Troublant récit que cette Aurélia de Gérard de Nerval…J'avais envie de retrouver la plume de ce Ténébreux, de ce veuf, de cet inconsolé, de ce Prince d'Aquitaine à la Tour abolie dont les vers d'El Desdichado riment encore en moi quelque trente ans après le baccalauréat de français où j'ai eu la main heureuse en tirant cette poésie le jour J. Hasard ? Non, il n'y a que des rendez-vous. Son écriture romantique et sombre m'exaltait tant à l'époque. Force est de constater que Gérard de Nerval me fait toujours beaucoup d'effet même si j'ai lu Aurélia non sans un certain malaise tant son romantisme s'est transformé en véritable folie, folie qui va crescendo au fil des pages…jusqu'au suicide de l'auteur le 26 janvier 1855 à l'âge de 46 ans. Il est retrouvé pendu à Paris.
La longue nouvelle Aurélia, qu'il n'a pas terminée d'ailleurs, parait en deux parties (janvier et février) dans la Revue de Paris puis en un volume au mois d'avril. Force est de se demander si ce texte ultime n'est pas en quelque sorte le Testament de Gérard de Nerval, un texte prophétique dans lequel on ne peut s'empêcher de chercher des messages, des clés, des signes avant-coureur de son geste fatal.
C'est terrifiant de lire ces lignes en sachant que l'auteur se suicidera durant leur écriture.

Troublant de lire ce récit en connaissant donc la chute funeste et tragique de son auteur et surtout de découvrir cette dernière phrase du livre qui semble tellement apaisée et lucide : « Telles sont les idées bizarres que donnent ces sortes de maladies ; je reconnus en moi-même que je n'avais pas été loin d'une si étrange persuasion. Les soins que j'avais reçus m'avaient déjà rendu à l'affection de ma famille et de mes amis, et je pouvais juger plus sainement le monde d'illusions où j'avais quelque temps vécu.
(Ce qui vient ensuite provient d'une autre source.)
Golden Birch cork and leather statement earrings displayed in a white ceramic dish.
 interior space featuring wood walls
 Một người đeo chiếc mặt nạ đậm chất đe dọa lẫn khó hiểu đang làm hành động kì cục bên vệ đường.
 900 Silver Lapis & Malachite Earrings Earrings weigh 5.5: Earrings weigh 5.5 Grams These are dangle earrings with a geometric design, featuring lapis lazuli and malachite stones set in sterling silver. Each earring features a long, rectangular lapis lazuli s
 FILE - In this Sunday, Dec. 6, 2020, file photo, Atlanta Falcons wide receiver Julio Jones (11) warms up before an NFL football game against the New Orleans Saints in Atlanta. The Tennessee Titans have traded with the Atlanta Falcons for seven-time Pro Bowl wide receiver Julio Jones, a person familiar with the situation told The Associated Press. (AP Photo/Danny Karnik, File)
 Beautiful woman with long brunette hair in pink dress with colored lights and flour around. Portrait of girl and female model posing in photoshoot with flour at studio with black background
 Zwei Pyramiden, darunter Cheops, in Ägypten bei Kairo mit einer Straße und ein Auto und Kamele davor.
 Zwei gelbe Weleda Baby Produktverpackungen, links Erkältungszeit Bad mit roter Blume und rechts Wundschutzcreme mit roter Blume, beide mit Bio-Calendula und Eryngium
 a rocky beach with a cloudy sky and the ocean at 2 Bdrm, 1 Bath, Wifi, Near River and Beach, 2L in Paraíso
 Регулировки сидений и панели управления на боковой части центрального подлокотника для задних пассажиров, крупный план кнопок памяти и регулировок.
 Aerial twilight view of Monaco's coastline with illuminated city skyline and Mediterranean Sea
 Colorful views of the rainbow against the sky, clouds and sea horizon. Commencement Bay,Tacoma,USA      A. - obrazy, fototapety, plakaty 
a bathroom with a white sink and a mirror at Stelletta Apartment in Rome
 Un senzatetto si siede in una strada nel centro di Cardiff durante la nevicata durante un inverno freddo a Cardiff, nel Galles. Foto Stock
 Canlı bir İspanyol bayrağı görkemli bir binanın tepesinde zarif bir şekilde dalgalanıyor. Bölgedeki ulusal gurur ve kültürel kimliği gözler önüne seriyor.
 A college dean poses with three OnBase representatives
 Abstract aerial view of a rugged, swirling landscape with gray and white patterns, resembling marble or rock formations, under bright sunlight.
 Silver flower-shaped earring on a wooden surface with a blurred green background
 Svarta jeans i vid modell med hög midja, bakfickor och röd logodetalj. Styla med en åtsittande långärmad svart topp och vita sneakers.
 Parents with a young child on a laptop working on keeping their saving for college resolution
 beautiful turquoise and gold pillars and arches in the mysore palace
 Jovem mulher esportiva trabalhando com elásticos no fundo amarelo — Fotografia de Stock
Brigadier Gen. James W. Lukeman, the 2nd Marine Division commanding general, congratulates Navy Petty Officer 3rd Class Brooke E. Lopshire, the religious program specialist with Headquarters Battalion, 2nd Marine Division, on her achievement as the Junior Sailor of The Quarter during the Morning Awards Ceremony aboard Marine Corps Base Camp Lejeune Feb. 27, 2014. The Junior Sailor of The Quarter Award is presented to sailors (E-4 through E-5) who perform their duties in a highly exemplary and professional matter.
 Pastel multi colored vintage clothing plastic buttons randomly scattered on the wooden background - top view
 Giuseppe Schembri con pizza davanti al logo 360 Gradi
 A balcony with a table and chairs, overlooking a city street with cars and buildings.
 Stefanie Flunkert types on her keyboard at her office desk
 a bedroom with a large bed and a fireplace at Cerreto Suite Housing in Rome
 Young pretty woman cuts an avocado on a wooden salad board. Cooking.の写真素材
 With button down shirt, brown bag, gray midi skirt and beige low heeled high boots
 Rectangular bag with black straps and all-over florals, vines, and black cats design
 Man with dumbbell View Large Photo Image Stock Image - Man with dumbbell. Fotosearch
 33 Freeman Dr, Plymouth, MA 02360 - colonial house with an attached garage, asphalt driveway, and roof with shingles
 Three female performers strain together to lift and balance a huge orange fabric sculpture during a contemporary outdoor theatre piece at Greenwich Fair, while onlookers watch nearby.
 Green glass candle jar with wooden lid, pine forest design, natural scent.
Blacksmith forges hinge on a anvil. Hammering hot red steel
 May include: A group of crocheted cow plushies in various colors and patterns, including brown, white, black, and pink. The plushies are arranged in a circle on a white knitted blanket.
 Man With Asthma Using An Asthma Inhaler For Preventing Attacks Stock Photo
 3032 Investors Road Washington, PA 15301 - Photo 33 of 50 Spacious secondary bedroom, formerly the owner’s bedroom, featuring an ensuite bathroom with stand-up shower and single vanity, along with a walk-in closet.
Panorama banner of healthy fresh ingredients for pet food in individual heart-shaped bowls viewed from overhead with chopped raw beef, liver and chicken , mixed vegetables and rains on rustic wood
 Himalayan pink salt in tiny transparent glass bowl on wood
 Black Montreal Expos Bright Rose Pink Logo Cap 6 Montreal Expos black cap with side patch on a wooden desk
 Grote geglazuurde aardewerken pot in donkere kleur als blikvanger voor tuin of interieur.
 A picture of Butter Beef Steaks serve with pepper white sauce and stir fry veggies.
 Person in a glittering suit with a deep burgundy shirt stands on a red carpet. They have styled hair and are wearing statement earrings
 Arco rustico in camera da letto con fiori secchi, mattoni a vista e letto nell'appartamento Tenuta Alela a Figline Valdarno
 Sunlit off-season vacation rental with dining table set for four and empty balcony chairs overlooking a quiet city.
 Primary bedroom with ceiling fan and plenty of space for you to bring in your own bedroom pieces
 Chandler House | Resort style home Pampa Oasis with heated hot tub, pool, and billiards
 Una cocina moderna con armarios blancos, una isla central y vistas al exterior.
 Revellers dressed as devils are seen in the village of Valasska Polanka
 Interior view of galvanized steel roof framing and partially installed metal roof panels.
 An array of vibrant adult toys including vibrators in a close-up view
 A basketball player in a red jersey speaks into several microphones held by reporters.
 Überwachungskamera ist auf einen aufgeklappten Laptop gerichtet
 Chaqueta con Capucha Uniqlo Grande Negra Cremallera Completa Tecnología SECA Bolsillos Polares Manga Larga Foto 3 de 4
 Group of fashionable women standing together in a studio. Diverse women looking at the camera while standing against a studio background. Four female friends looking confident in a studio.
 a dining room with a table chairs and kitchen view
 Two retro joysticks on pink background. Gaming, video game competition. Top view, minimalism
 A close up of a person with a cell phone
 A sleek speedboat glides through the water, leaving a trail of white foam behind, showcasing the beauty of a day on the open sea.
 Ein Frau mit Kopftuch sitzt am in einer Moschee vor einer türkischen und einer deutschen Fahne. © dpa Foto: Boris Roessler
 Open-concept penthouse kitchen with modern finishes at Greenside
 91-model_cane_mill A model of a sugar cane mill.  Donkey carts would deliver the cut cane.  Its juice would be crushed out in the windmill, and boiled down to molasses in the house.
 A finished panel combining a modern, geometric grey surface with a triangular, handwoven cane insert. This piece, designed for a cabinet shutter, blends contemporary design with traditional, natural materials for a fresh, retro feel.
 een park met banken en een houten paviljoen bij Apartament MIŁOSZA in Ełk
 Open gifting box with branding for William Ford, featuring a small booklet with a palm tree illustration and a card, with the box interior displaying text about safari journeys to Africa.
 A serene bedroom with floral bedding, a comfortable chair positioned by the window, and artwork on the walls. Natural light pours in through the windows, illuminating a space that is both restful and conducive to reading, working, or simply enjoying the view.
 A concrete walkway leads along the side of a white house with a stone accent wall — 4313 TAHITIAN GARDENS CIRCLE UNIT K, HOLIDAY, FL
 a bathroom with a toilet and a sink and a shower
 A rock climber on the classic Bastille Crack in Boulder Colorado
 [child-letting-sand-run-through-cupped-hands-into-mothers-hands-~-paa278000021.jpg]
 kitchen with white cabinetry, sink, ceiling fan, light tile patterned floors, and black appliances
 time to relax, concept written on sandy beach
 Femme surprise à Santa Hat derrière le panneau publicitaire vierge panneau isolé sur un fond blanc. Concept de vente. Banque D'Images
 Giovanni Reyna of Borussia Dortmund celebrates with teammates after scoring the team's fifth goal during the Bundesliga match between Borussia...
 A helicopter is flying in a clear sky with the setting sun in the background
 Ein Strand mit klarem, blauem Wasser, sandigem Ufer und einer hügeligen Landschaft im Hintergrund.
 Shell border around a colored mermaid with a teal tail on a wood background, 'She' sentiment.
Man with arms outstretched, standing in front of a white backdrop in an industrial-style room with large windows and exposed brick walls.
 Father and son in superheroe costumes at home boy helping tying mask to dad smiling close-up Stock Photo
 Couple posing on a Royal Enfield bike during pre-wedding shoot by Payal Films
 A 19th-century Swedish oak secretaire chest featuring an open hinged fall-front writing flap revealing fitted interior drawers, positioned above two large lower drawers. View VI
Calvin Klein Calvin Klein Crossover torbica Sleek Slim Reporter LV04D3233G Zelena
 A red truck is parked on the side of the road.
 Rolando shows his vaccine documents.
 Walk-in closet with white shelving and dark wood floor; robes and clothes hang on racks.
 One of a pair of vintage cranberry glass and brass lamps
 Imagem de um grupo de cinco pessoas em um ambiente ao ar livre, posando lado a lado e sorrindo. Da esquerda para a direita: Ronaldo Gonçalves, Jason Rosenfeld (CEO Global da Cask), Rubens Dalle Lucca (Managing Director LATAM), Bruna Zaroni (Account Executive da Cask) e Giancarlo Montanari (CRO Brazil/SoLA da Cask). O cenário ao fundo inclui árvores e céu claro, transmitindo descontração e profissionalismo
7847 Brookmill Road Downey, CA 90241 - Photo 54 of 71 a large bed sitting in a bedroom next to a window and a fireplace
Toutefois, je me sens heureux des convictions que j'ai acquises, et je compare cette série d'épreuves que j'ai traversées à ce qui, pour les anciens, représentait l'idée d'une descente aux enfers ».
Combien d'heures après avoir écrit cela s'est-il pendu ?

Troublant aussi de lire ce récit en sachant que Gérard de Nerval passe la majeure partie de son temps dans la Clinique du Dr Emile Blanche, institut spécialisé pour le traitement des maladies psychiatriques. Depuis sa sortie de cette clinique en octobre 1854, Nerval errait… Il errait dans Paris, il errait dans sa tête. Ce texte a une fonction bien précise, un but thérapeutique pourrait-on dire, un projet clinique : son médecin l'incite en effet à relater par écrit ses rêves et ses rêveries. Ce livre est ainsi un texte particulièrement onirique où le rêve est le matériau premier. Force est de se demander quelle analyse ferait un psychiatre à l'aune d'un tel récit, particulièrement foisonnant. C'est dans tous les cas une oeuvre « surnaturaliste » dans laquelle la frontière entre rêve et réalité est floue et qui tourne autour d'une figure féminine aimée mais juste fantasmée : Aurélia, inspirée de l'amour impossible de l'auteur pour Jenny Colon, de sa rencontre avec Marie Pleyel et de la réunion fortuite des deux femmes à Bruxelles. Ses rêves sont nombreux et variés, et on devine son sommeil très agité…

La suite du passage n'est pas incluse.